Indeed, ML is applied in several fields, such as monitoring of hydrogeological risk (Jain et al. 2020 ; Ma et al. 2021 ), wildfire prevention (Elia et al. 2020 ), the prediction of soil physical–chemical parameters (Li et al. 2023a , b ; Li et al. 2022 ; Wang et al. 2021 , 2022 ; Xu et al. 2021 ), and human health (Aghazadeh et al. 2019 ; Piunti 2019 ). Consequently, the number of algorithms to reference is as numerous as the fields of application. Depending on the objective, the sampling characteristics and the dataset, it is necessary to choose one algorithm over another (Li et al. 2023a , b ; Wadoux et al. 2020 ). A relevant aspect in the application of ML is the abundance and quality of databases (Chen et al. 2022 ). In environmental science, the application of ML requires extensive and costly surveying campaigns, which can be supported by existing databases, often shared by institutions and governmental bodies according to the logic of open data (Hengl et al. 2017 ) . It is precisely in the environmental field that we are witnessing in recent years the proliferation of open databases, especially by public institutions (Worthy 2015 ), and in the field of soil science (Orgiazzi et al. 2018 ). Furthermore, the increased use of open data in digital soil mapping is recent and strictly related to the use of new spatial analysis tools, such as Google Earth Engine (GEE), and the availability of large datasets of remote sensing data acquired by satellite missions (Copernicus, Landsat) (Poppiel et al. 2021 ). National and international agencies are developing policies and tools to share soil data, also for scientific purposes, such as the LUCAS soil project implemented by the EU Environment Agency (Orgiazzi et al. 2018 ). Indeed, today almost all medium/large scale studies focused on digital soil mapping integrate field data with updated, publicly managed, high-resolution open data (Radočaj et al. 2024 ; Searle et al. 2021 ). This type of data, coupled by a ML algorithm, appears to be more efficient, also in terms of cost–benefit, than the traditional approach using a geostatistical algorithm (Radočaj et al. 2022a ).

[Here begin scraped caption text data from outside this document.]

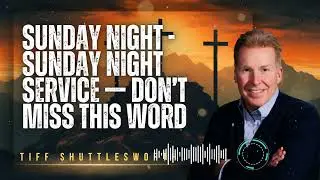 Tiff Shuttlesworth _ Sunday Night - Sunday Night Service — Don’t Miss This Word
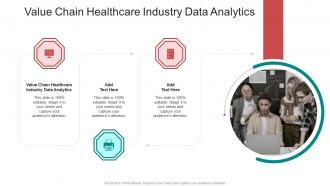 Value Chain Healthcare Industry Data Analytics In Powerpoint And Google Slides Cpb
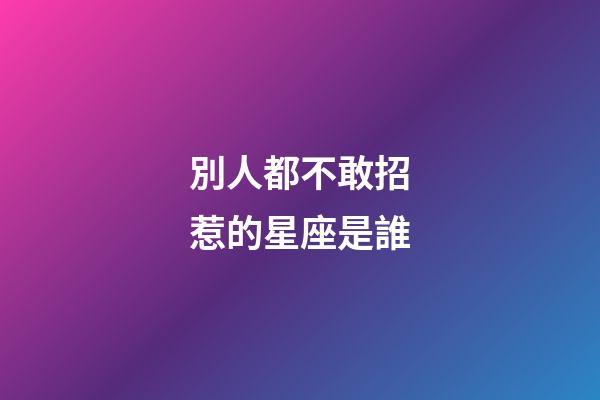 別人都不敢招惹的星座是誰-第1張-星座運勢-玄機派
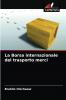 La Borsa internazionale del trasporto merci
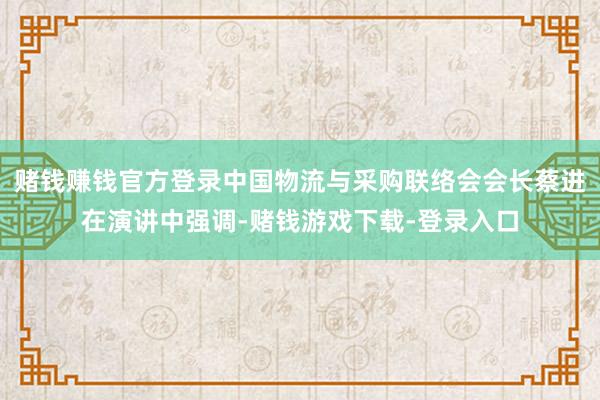 赌钱赚钱官方登录中国物流与采购联络会会长蔡进在演讲中强调-赌钱游戏下载-登录入口
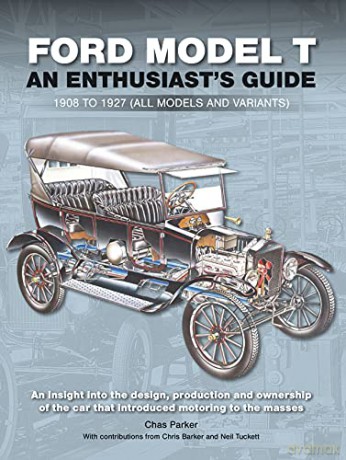 Ford Model T- An Enthusiast's Guide 1908 to 1927 (all models and variants) - Chas Parker [KSIĄŻKA]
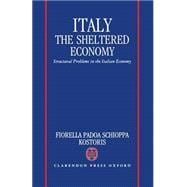 Italy: The Sheltered Economy Structural Problems in the Italian Economy,9780198287483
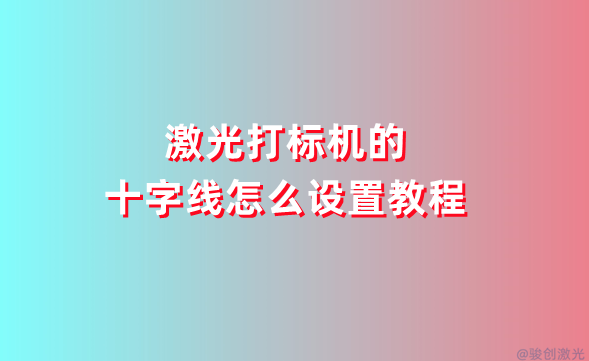 激光打標機的十字線怎么設置教程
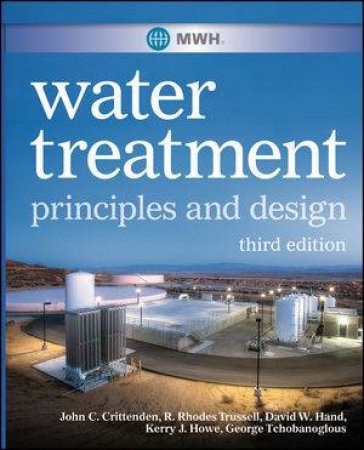 Mwh's Water Treatment:  Principles and Design, Third Edition by Various 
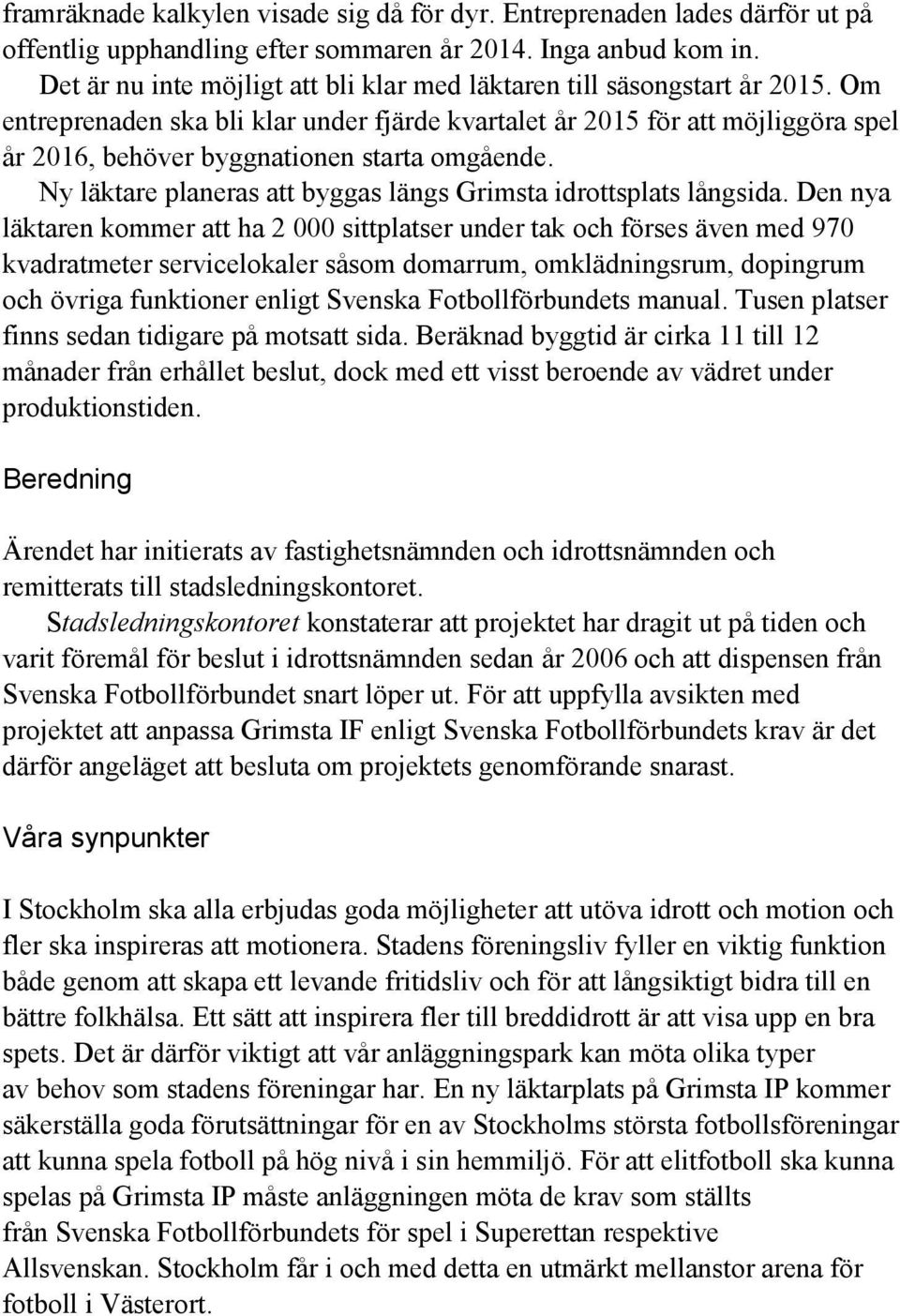 Om entreprenaden ska bli klar under fjärde kvartalet år 2015 för att möjliggöra spel år 2016, behöver byggnationen starta omgående. Ny läktare planeras att byggas längs Grimsta idrottsplats långsida.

Soil mapping can have two main purposes: i) assignment of a class associated with observed soil, or ii) identification of one or more soil features (Zhang et al. 2017 ). Among these, physical–chemical parameters were extensively investigated to create regional (Brungard et al. 2021 ; Maleki et al. 2023 ), local and field scale distribution maps (Chlingaryan et al. 2018 ; Söderström et al. 2016 ; Zhou et al. 2023 ). Among the chemical parameters, the map elaboration for soil macronutrients (N, P, and K) represents a pivotal step, for environmental and agricultural development agencies, farmers, etc., to understand their spatial distribution and consequently improve nutrient input management while avoiding soil water pollution. Nitrogen is a fundamental macronutrient for the development of plant species, not the least because of the quantities that plants require for sustenance (Högberg et al. 2017 ). In fact, plant species accumulate N in different forms and through different modalities, throughout their life cycle and predominantly during the growth phases (Das et al. 2022 ). The continuous input of N needed by crops has a significant impact on production cycles and markets (Dimkpa et al. 2020 ). Use of N fertilizers has a significant economic weight; this entails careful and constant monitoring over time, to highlight the spatial distribution dynamics of N deficits and surpluses (Singh 2018 ; Wang et al. 2019 ).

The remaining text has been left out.